- Nationality: British
- Born: 6 October 1971 (age 54) Silsden, West Yorkshire

BriSCA Formula 1 Stock Cars career
- Debut season: 1987
- Car number: 515 (1 in 1998/1999, 2005/2006,2016/2017)
- Wins: 1126

Previous series
- 1983-1986: Ministox

= Frankie Wainman Jnr =

British Formula One stock car racer

Frankie Wainman Junior (born 6 October 1971) is a BriSCA Formula 1 Stock Cars racing driver, who races using the number 515. Wainman is a three-time BriSCA F1 World Champion, fourteen-time National Points Champion and nine-time British Champion along with many other titles.

== Early life ==

Wainman was brought up in the small town of Silsden, West Yorkshire. He is the son of former racer Frankie Wainman (racing number 212).

== Racing career ==
Wainman began racing at ten years old in Ministox and won a number of championships including the British Points Championship.
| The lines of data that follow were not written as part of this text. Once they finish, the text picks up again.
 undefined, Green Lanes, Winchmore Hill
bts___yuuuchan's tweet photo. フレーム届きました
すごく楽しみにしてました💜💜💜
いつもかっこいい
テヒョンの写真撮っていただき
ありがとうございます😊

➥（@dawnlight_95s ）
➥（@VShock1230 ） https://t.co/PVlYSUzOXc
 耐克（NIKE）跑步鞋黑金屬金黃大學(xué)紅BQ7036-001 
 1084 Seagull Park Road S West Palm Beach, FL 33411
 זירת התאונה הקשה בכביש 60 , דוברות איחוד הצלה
At sixteen he made the switch to BriSCA F1 using a car he had built himself. After three weeks he won his first final, in November 1987. He has won three World Championships and fourteen National Points Championships, as well as many other championships. Wainman also builds stock cars for other drivers. In the Netherlands, Wainman has won the Long Track World Championship at Baarlo and World Cup at Venray.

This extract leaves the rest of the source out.